Even though material limitations persist for FDM-based printers, it still remains one of the more reliable fabrication methods for TE scaffolds. Compared to other 3D printing methods, it produces scaffolds with favorable mechanical strength that are customizable, reproducible, and support cell growth [42]. It additionally illustrates great promise for patient-specific scaffolds when coupled with computed tomography (CT) or other similar medical imaging modalities.
3D printing and nanomaterials for vascularized bone, cartilage, and osteochondral regeneration
3D printing for TE is often augmented with nanomaterial integration during, or after, fabrication to improve component biocompatibility and direct cellular performance. Human mesenchymal stem cells are one of the most common cell lines used for bone and cartilage TE [55]. These stem cells must be directed to differentiate into the desired cell type required on the engineered scaffold. Physiochemical, as well as mechanical properties often determine the cell differentiation path. Certain nanomaterials can provide these necessary physiochemical cues and are often used as a method for guiding desired cellular differentiation of stem cells used in culture [13].
3D printing of vascularized bone
Bone tissue is composed of highly porous and vascularized cancellous tissue in inner bone, surrounded by dense and highly mineralized cortical tissue. The primary function of the cortical regions is load-bearing and support. Bone possesses natural self-healing properties, but its ability to effectively repair is limited by defect size. Larger defects often cannot effectively self-heal without external assistance [17]. Tissue-engineered scaffolds for large defect regions also experience challenges with oxygen and nutrient diffusion throughout the scaffold. Integrating appropriate porous geometries within tissue-engineered scaffolds helps mitigate this challenge [14].
Scaffold porosity is an essential design criterion for effective de novo bone formation. Open and interconnected pores allow for the movement of nutrients within the scaffold, promoting cell proliferation and differentiation, neovascularization, and waste removal [17, 56]. During scaffold design a strong interplay between pore size and pore distribution must be carefully balanced to produce a construct exhibiting a favorable cell microenvironment and appropriate mechanical strength. Increasing pore size and density improves cellular response and neovascularization while decreasing mechanical strength [17].
Presently, the gold standard for bone tissue replacement is autograft bone. This will likely remain as such until a more effective and reliable synthetic method is developed and clinically proven [57]. Autografts provide a suitable alternative but face challenges of their own; lack of usable tissue supply remains the greatest challenge for successful autograft implementation, especially for patients suffering large-scale trauma. Additionally, the most challenging area to treat is the craniomaxillofacial region where both a limited autologous tissue supply, combined with extremely personalized and complex geometries, are present and necessary [58]. It is not surprising scaffolds focused on defects of this region have seen the most rapid advancement and approval of engineered bone tissue scaffolds.

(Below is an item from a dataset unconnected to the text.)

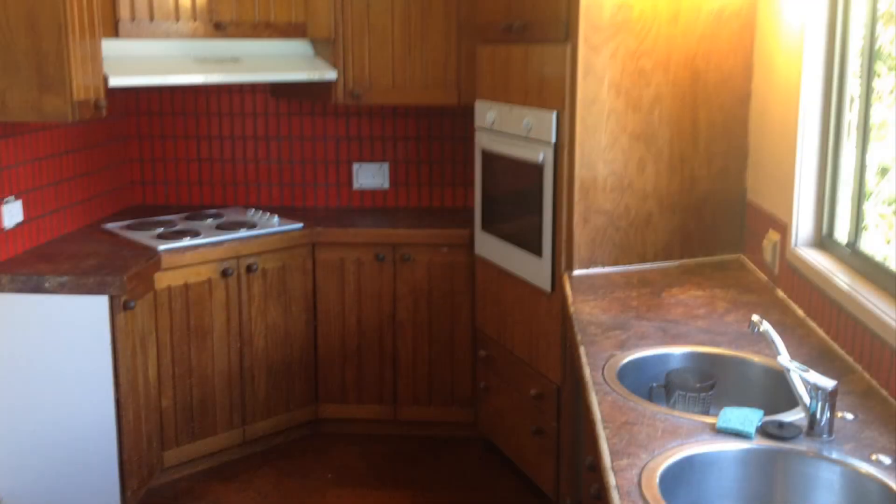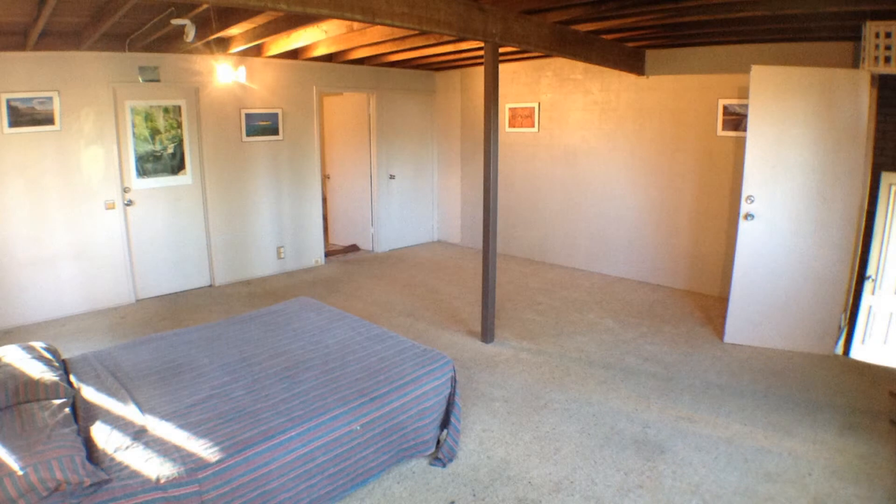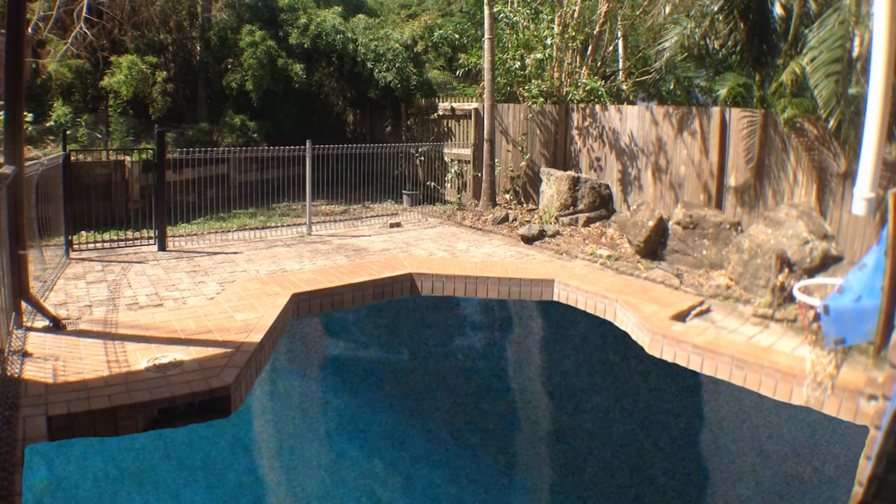This property has so much potential it's not funny. You could live in it or even rent it, but the real opportunity is the renovation potential. Super serious sellers want this property sold, so don't miss out on what could be the buy of the year.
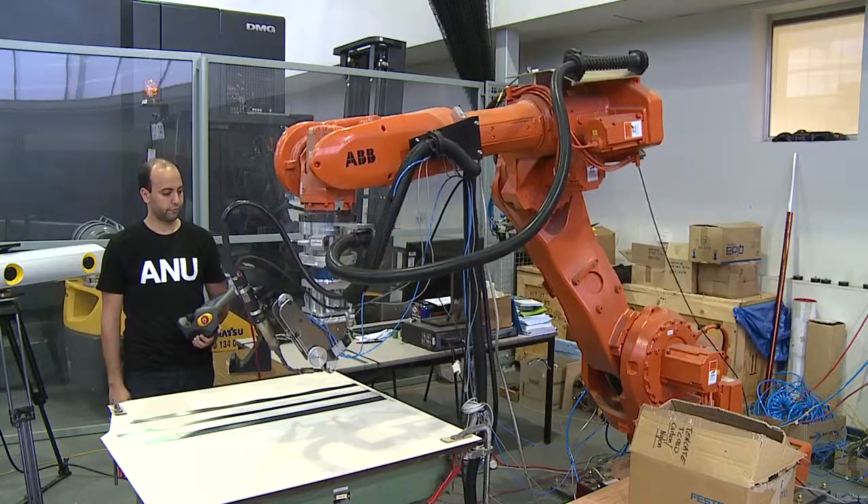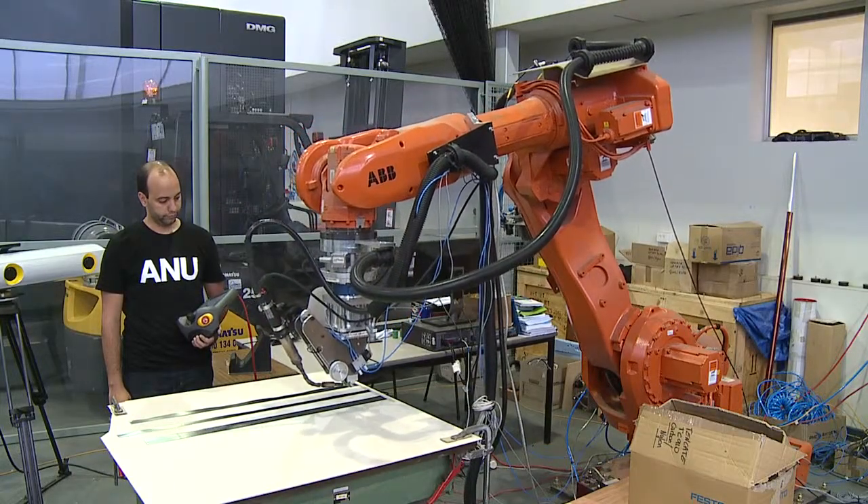Hi, my name is Hamza Ben-Nemra and I'm a PhD student at the Research School of Engineering here at the ANU. My topic is on automated fibre placement — a very technical process that involves making composite parts for aircraft structures.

Human bone ECM contains collagen, osteopontin, fibronectin, HA, water, and other organic and inorganic compounds. One of the most prevalent inorganic compounds, nanohydroxyapatite (nHA), constitutes nearly 70% of the overall bone matrix [59]. nHA displays excellent cytocompatibility, osteoconductive and bioactive characteristics, and is easily fabricated in a lab setting with minimal equipment [60]. Integrating nHA into constructs is possible both during and after printing. If working with hydrogels, powders, or other fluid materials, nHA can be incorporated into the material prior to crosslinking or fusing. If working with solid polymers, in methods such as FDM, it is possible to incorporate nHA after printing as a surface modification. When culturing with stem cells, the presence of nHA can help direct the cells toward an osteogenic response necessary for scaffolds targeting bone. nHA is just one type of nanomaterial often used for osteogenesis; tricalcium phosphate, calcium phosphatase among other materials also enhance favorable osteogenic response. Cui, Temple, Gao, and Wang provide a few recent examples of 3D printing, and nanomaterial integration, of vascularized bone [58, 61–65].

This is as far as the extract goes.